Les médias étrangers ont qualifié de pari diplomatique la projection du film documentaire au Festival de Cannes, qui risquait de mettre en colère le Parti communiste chinois. La première du film a été décrite par Kiwi Chow comme un soulagement pour de nombreux Hongkongais qui vivaient dans la peur : « Ceux qui luttent pour la justice et la liberté dans le monde entier sont avec nous, restons forts, Hongkongais ! »

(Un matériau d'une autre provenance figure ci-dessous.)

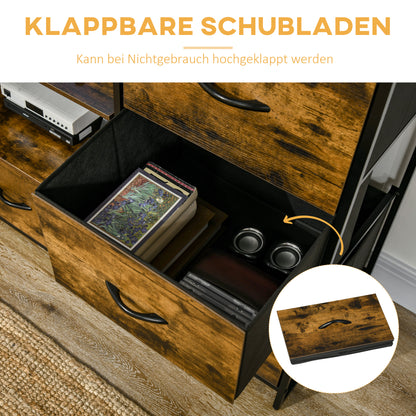 HOMCOM Aufbewahrungsregal mit Schubladen, offener Stauraum, Stahlrahmen, verstellbare Füße, 44x40x155 cm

La projection « surprise » au Festival de Cannes attire l’attention des médias étrangers
Le réalisateur hongkongais Kiwi Chow, qui a réalisé Ten Years et Phantom Love, a passé deux ans à produire Revolution of Our Times, un film documentaire sur la révolte anti-extradition vers la Chine en 2019, qui a été sélectionné par le Festival de Cannes pour être projeté le 16 juillet à 11 heures, attirant ainsi l’attention des médias étrangers, rapporte Stand News de Hong Kong.
Selon le Hollywood Reporter, le film avait été invité au festival plus tôt, mais a été annoncé
juste avant la projection, sans publier l’information au préalable, pour protéger le personnel de production. Le 14 juillet, le festival a envoyé un courriel à certains médias, indiquant qu’un « documentaire surprise » avait été ajouté au festival, invitant les journalistes à une projection à huis clos et demandant que la nouvelle soit gardée secrète jusqu’à l’après-midi du 15 juillet.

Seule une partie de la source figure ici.